Capitulo 21
Um mês.
Por exatamente um mês eu fiquei sem contato com os outros. Sem Li, Caio, Pedro, Larissa, Leah, nenhum deles. Apenas eu e Heitor e a academia. Eu e o meu mais novo amigo treinávamos a manhã toda, a tarde Heitor abria a academia e ia até a madrugada. Meus irmãos faltaram a academia na primeira e segunda semana posterior ao meu sumiço, depois eles vieram, mas nunca os três juntos. Depois de eu ter quase me rastejado até a academia, Heitor me deixou viver com ele no loft sobre a academia, o apartamento não tinha paredes, mas era perfeitamente mobiliado, sabia onde terminava a cozinha e começa a sala e que dava lugar para o quarto. O único cômodo que tinha paredes era o banheiro, fiquei super envergonhado quando cheguei ali, todo sujo e desarrumado.

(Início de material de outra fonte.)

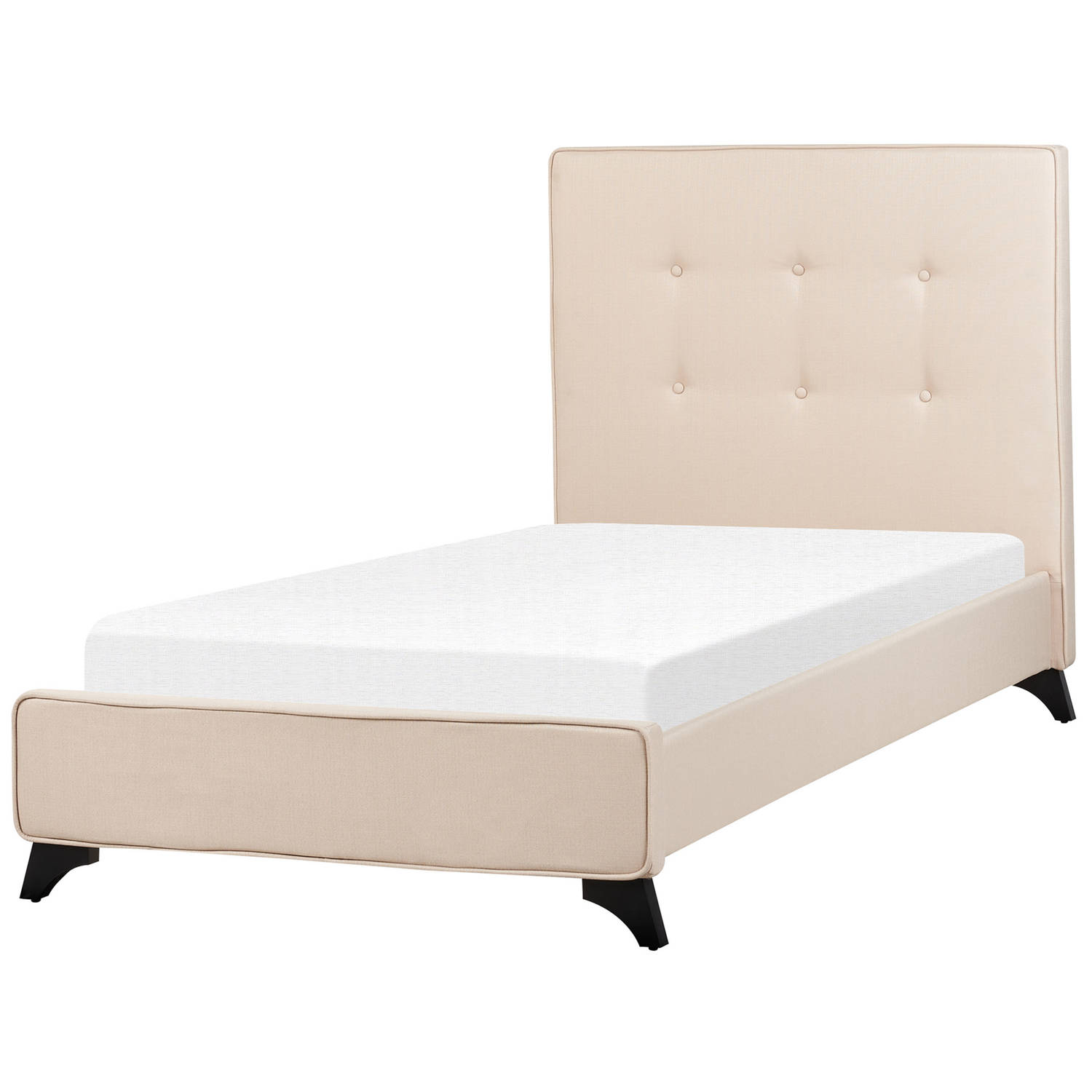 Beliani Ambassador Bed Beige Stof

Tomei banho de roupa e tudo, não tinha força nem para tirar meus farrapos de panos que estava vestindo. Só sai do banheiro quando Heitor foi me buscar, fiquei sentado no chão do box, chorando, deixando a agua cair sobre a minha costa, se misturando com as minhas lagrimas. Heitor me secou, me despiu - deixando apenas a minha cueca -, esperou até eu tirar minha peça intima molhada e me deu uma roupa três vezes maior do que eu.
Ele me deixou dormir na cama, enquanto me acabava em um choro compulsório, deitou do outro lado e me deixou chorar. Dormir ouvindo o seu ressonar baixo, olhando seu peito grande e musculoso subir e descer enquanto respirava, cai no sono. Acordei pela manhã com Heitor grunhido em frustação, metal se chocando contra metal, me levantei, com a cabeça quase explodindo de dor.

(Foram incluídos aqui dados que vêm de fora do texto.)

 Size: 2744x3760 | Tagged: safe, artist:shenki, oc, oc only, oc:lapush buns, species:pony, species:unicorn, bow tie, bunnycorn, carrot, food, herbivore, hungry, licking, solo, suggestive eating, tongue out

Heitor se virou assim que eu levantei, ele estava usando apenas um short que era dois dedos maior que uma cueca verde, com o peito liso e musculoso a mostra. Ele segurava duas panelas de aço contendo uma mistura amarronzada e borbulhante, consegui ficar sentado, mesmo com a minha cabeça pulsando de dor.
- O que você estar fazendo, Heitor? - Minha voz naquele primeiro dia estava horrível, dura, mas ao mesmo tempo com uma fragilidade de um cristal fino, baixa e rouca. Heitor abriu um sorriso engraçado, meio envergonhado, meio surpreso.

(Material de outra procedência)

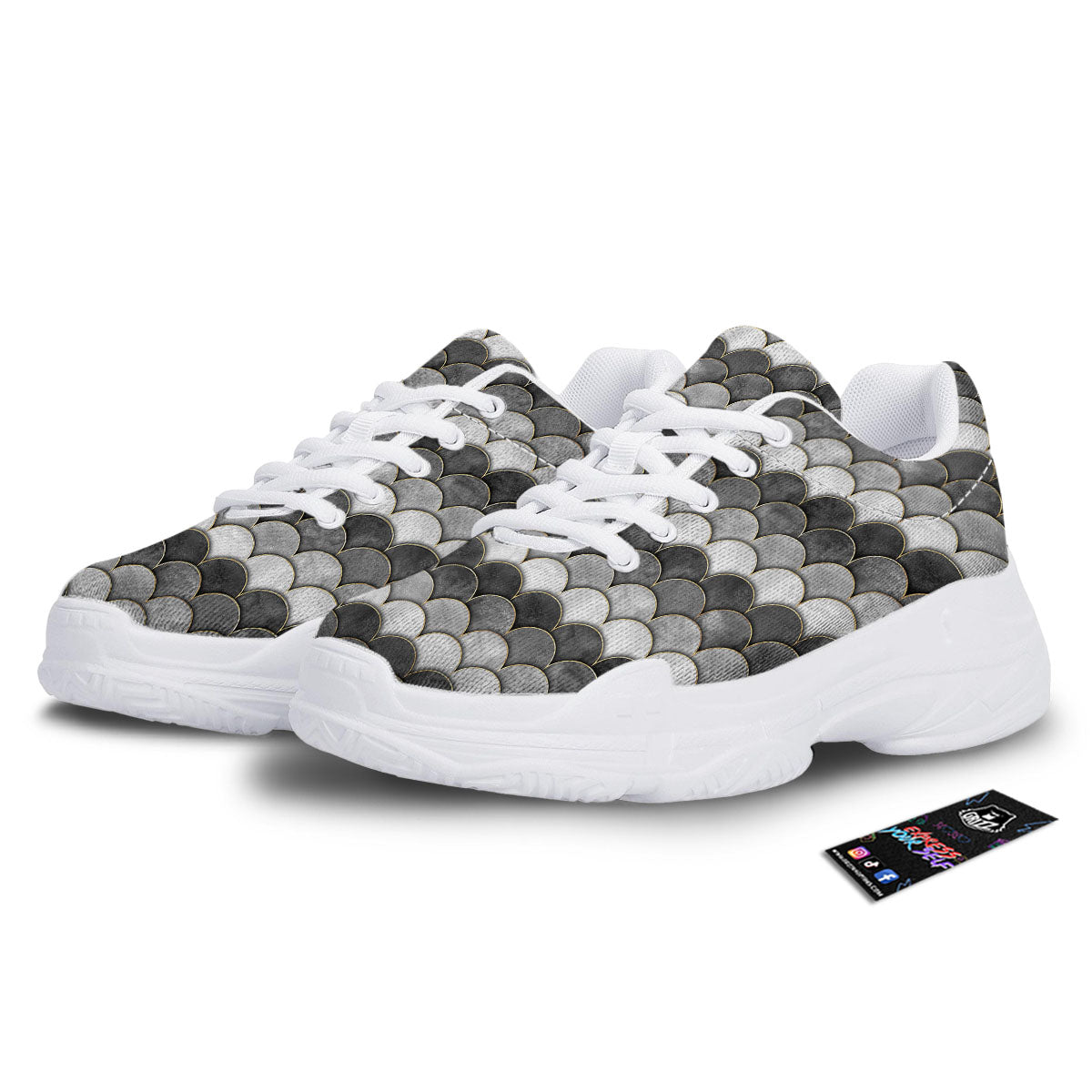 Scales Mermaid Print Pattern White Chunky Shoes-grizzshop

- Estava tentando fazer chocolate - Ele disse, sua voz era baixa e rouca, mas não como a minha. A rouquidão dele era charmosa, a minha era ruim e feia - Mas isso daqui parece mais coco!
Eu ri e depois de quase dez minutos que demorei para levantar da cama e mais quinze para tomar banho, eu fui fazer o café da manhã. Heitor queria comer frutas mergulhadas em chocolate quente, fondue. Ri demais quando uma gota de chocolate quente caiu em sua barriga, Heitor saiu pulando e gritando como uma criancinha, não como um homem de 27 anos que ele era. Depois disso tudo arrumamos toda a nossa bagunça, ele desceu para a academia e eu fiquei deitado na cama dele.
Na primeira semana eu comprei roupas.
Já estava cansado de usar apenas aquelas peças de roupas largas de Heitor, então em um átimo de estima comprei roupas. Usei o resto do dinheiro da festa dos meus irmãos, tinha sobrado aproximadamente cinco mil. Anos de trabalho e eu nunca desfrutei de um centavo daquele dinheiro. Pedi para Heitor me levar até ao shopping mais próximo para que eu pudesse comprar algo para eu vestir.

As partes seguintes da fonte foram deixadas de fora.